[Short text fragments from websites]
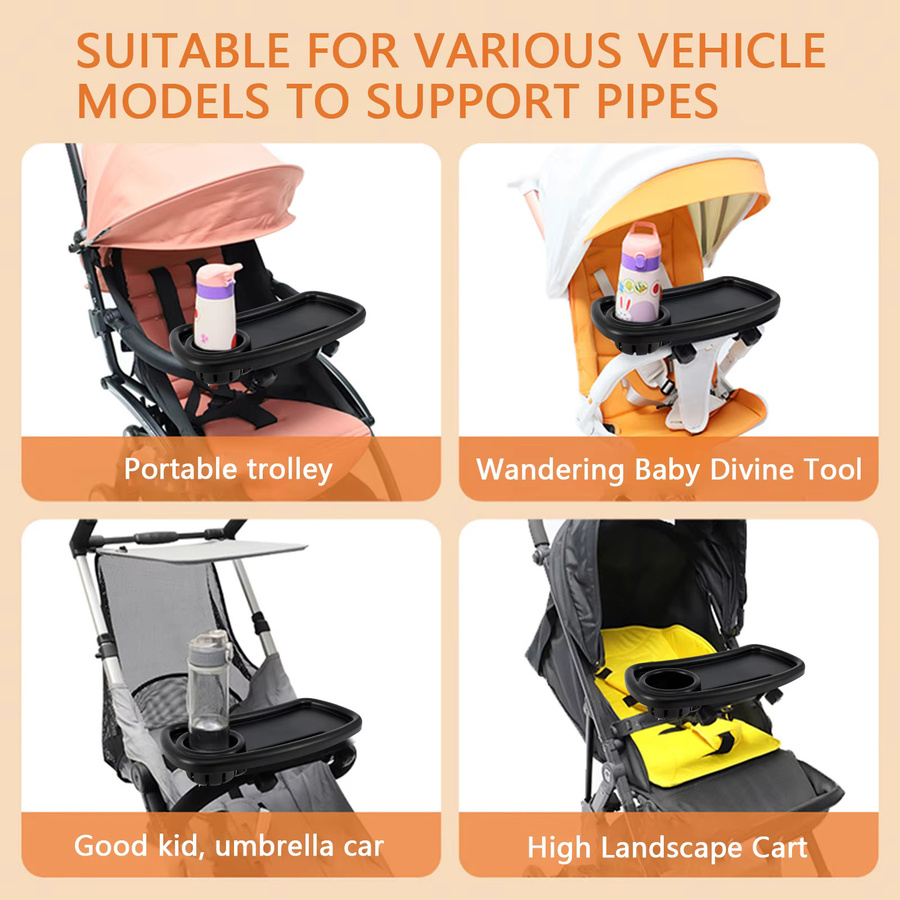 Universelles Kinderwagen-Snack-Tablett mit Getränkehalter und abnehmbarer Schnalle, Schwarz - Bild 4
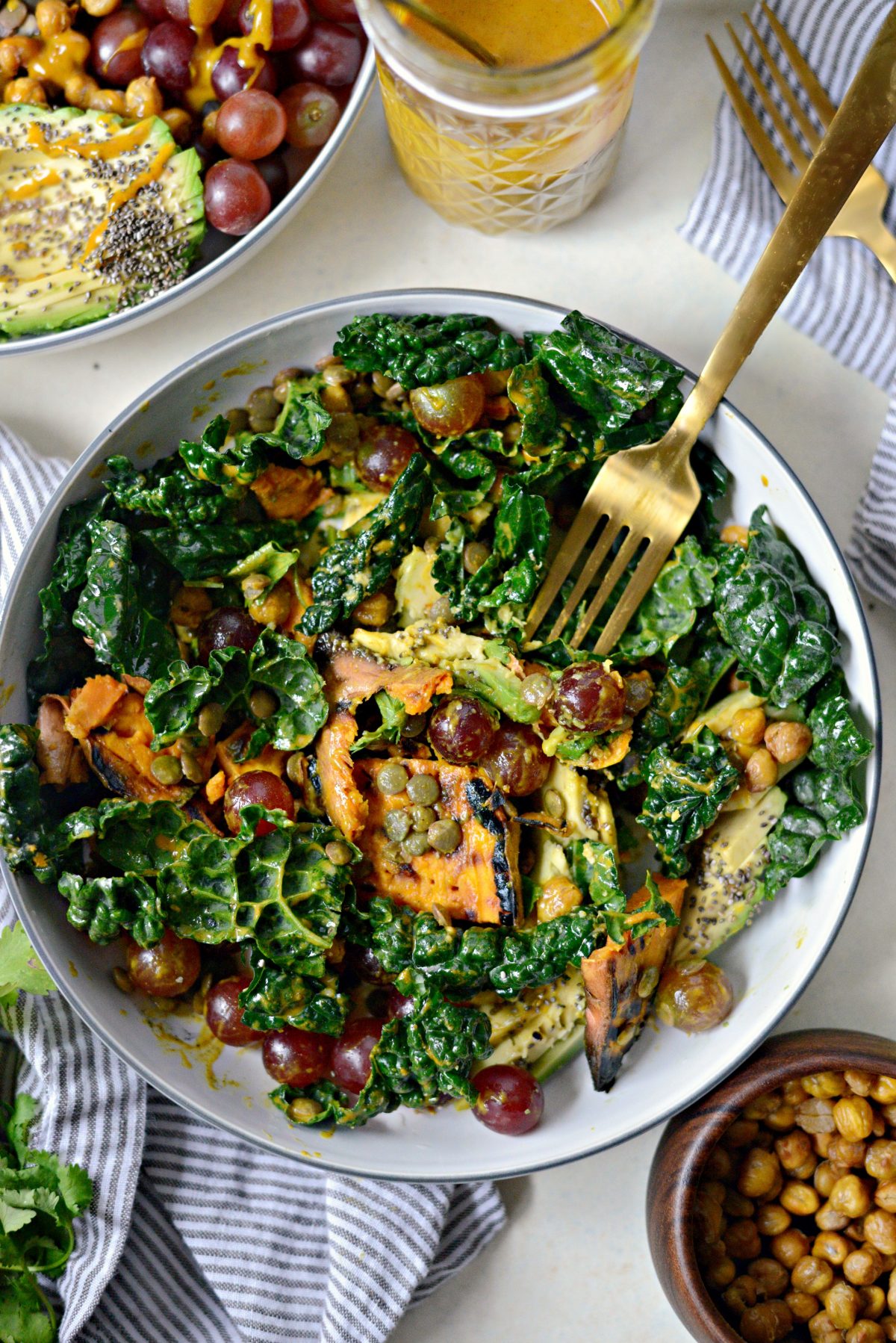 Simply Scratch Grilled Sweet Potato Lentil And Kale Buddha Bowl With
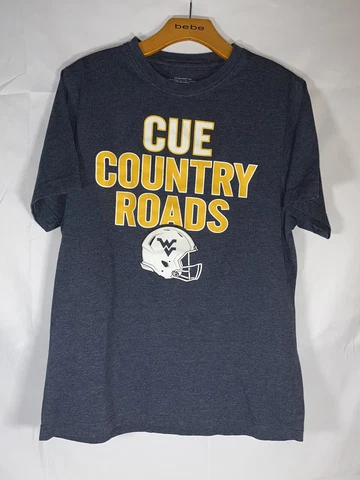 West Virginia University T Shirt Medium Short Sleeve “Cue Country Roads” Adult Cover
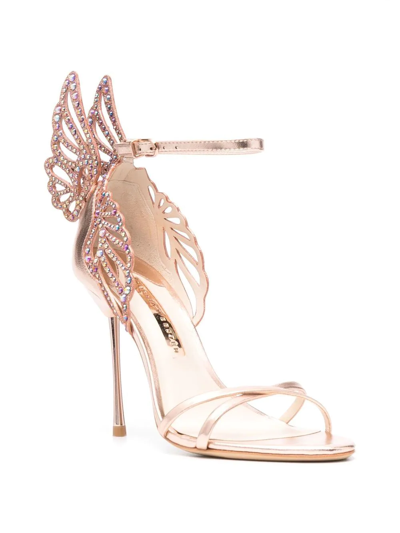 Shop Sophia Webster Heavenly Butterfly-detail Heeled Sandals In Gold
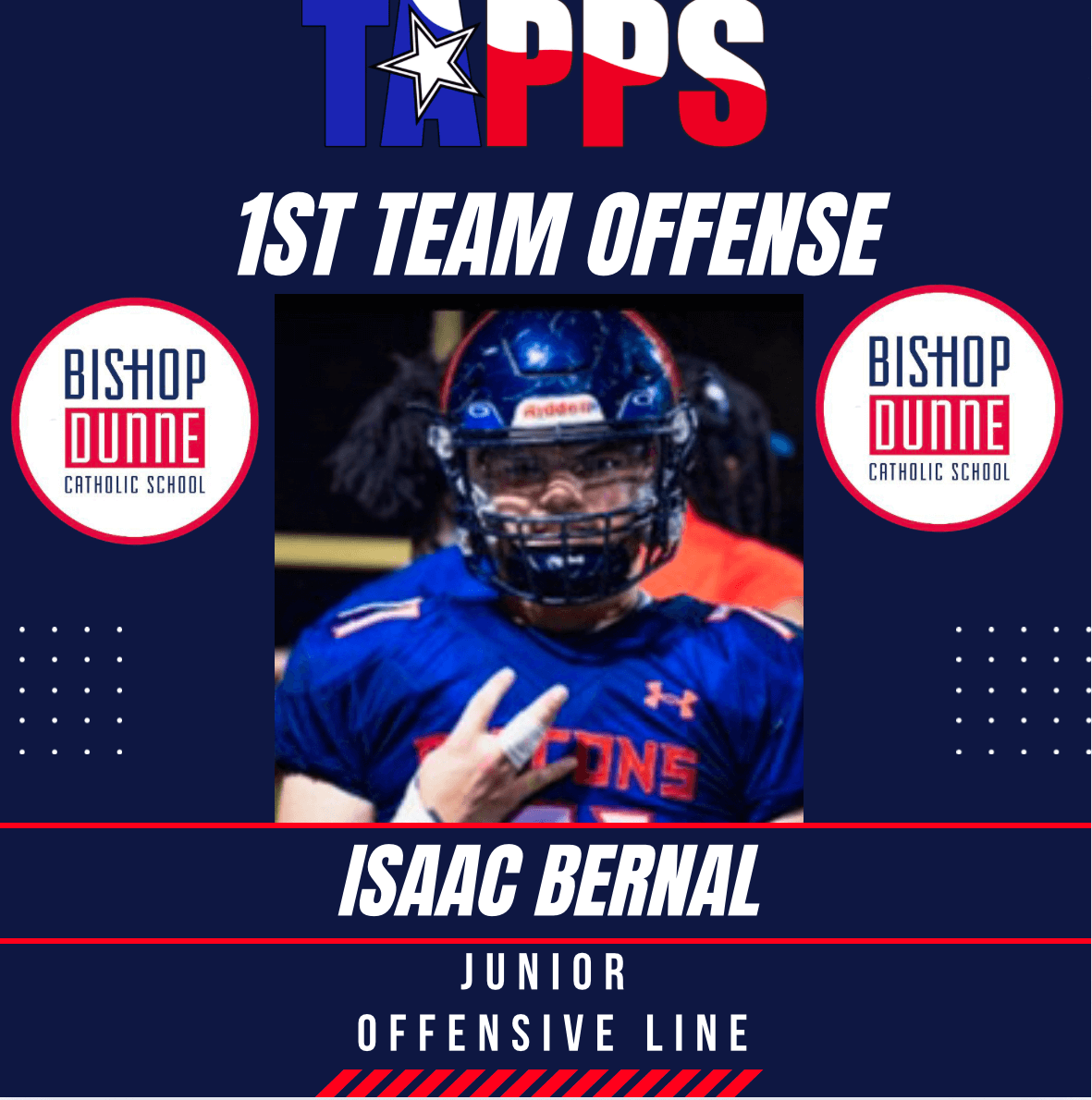 Isaac Bernal (@isaacb99_32) on Twitter photo Blessed to receive 1st team offense in TAPPS DII I wanna thank <a href="/coach_DMD/">coachDMD</a> <a href="/Coach_IshW/">Ish Wilson</a> <a href="/CalvinLDavis3/">Calvin L. Davis</a> <a href="/CoachNSlaughter/">Nathan Slaughter</a> <a href="/Dunne_Football/">Dunne Football</a> <a href="/Recruit_Dunne/">Falcon Elite Recruiting</a> .
<a href="/TXPrivateFBGuy/">Texas Private School Football</a> <a href="/LoganTillman/">Logan Tuley-Tillman</a> Blessed to receive 1st team offense in TAPPS DII I wanna thank <a href="/coach_DMD/">coachDMD</a> <a href="/Coach_IshW/">Ish Wilson</a> <a href="/CalvinLDavis3/">Calvin L. Davis</a> <a href="/CoachNSlaughter/">Nathan Slaughter</a> <a href="/Dunne_Football/">Dunne Football</a> <a href="/Recruit_Dunne/">Falcon Elite Recruiting</a> .
<a href="/TXPrivateFBGuy/">Texas Private School Football</a> <a href="/LoganTillman/">Logan Tuley-Tillman</a>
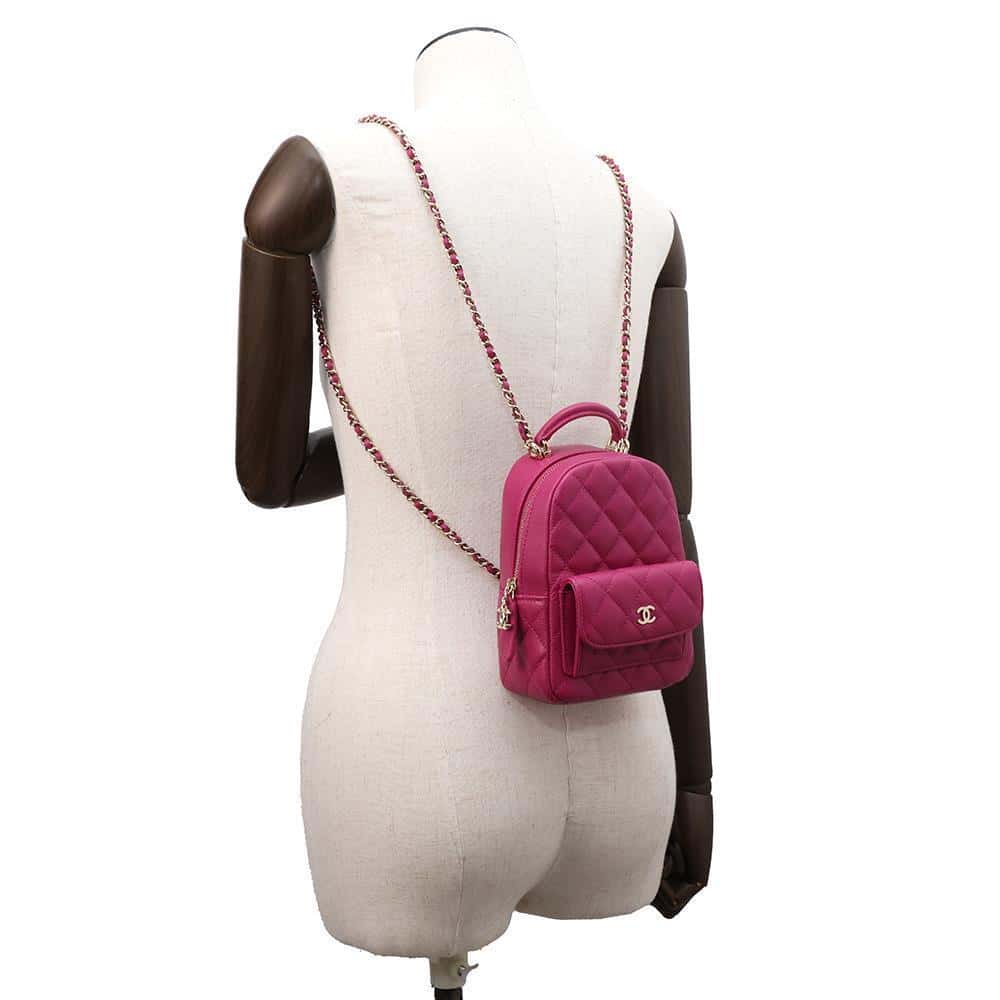 CHANEL 2way Backpack Shoulder Bag Fuschia Pink AP3753 Caviar Leather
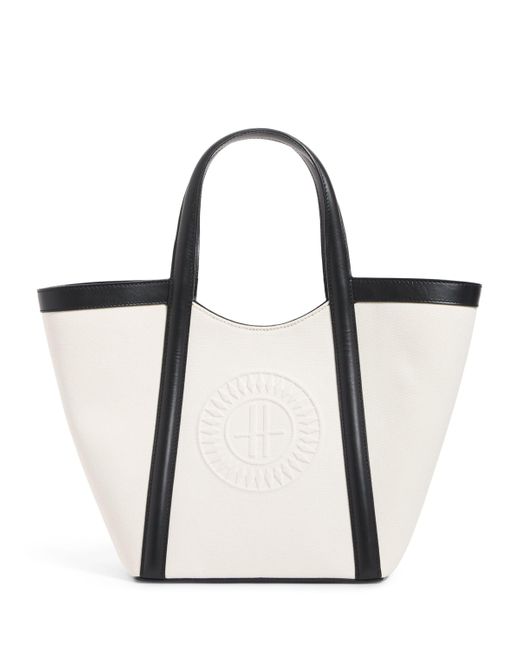 Harrods White Small Canvas-Leather Embossed Tote Bag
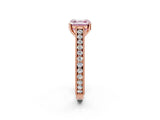 Rose gold Fancy Pink Asscher Cut Cut Pave Band Milgrain Solitaire Ring_2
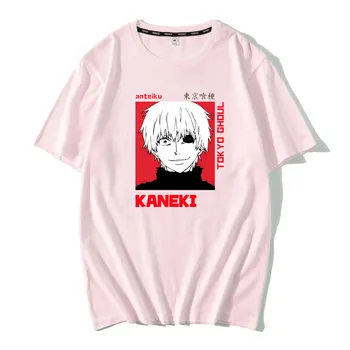 Kul Kaneki Ken T Shirt za Moške Kratke Rokav Tokyo Ghoul Tshirt Japonski Anime Manga T-shirt Čistega Bombaža Poletje Tee Vrhovi Darilo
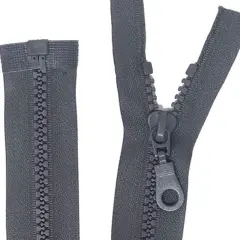 Grey 17 Inch Molded Plastic Jacket Zipper 5MM Open Bottom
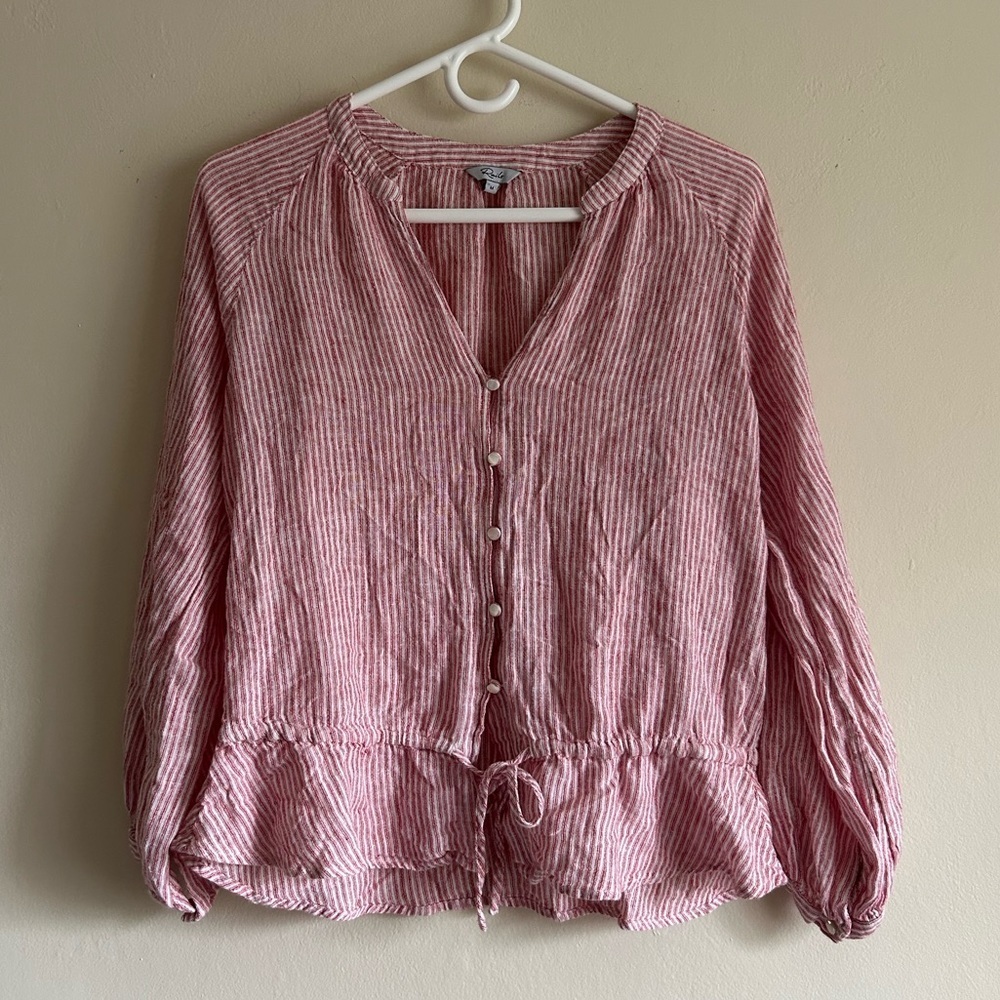 Rails Marti Blouse In Scarlet Stripe Size Medium - image 2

→ Task details: Go line by line through the data, copying each one that contains the word "LoganTillman".

→ Exercise answer:
<a href="/TXPrivateFBGuy/">Texas Private School Football</a> <a href="/LoganTillman/">Logan Tuley-Tillman</a> Blessed to receive 1st team offense in TAPPS DII I wanna thank <a href="/coach_DMD/">coachDMD</a> <a href="/Coach_IshW/">Ish Wilson</a> <a href="/CalvinLDavis3/">Calvin L. Davis</a> <a href="/CoachNSlaughter/">Nathan Slaughter</a> <a href="/Dunne_Football/">Dunne Football</a> <a href="/Recruit_Dunne/">Falcon Elite Recruiting</a> .
<a href="/TXPrivateFBGuy/">Texas Private School Football</a> <a href="/LoganTillman/">Logan Tuley-Tillman</a>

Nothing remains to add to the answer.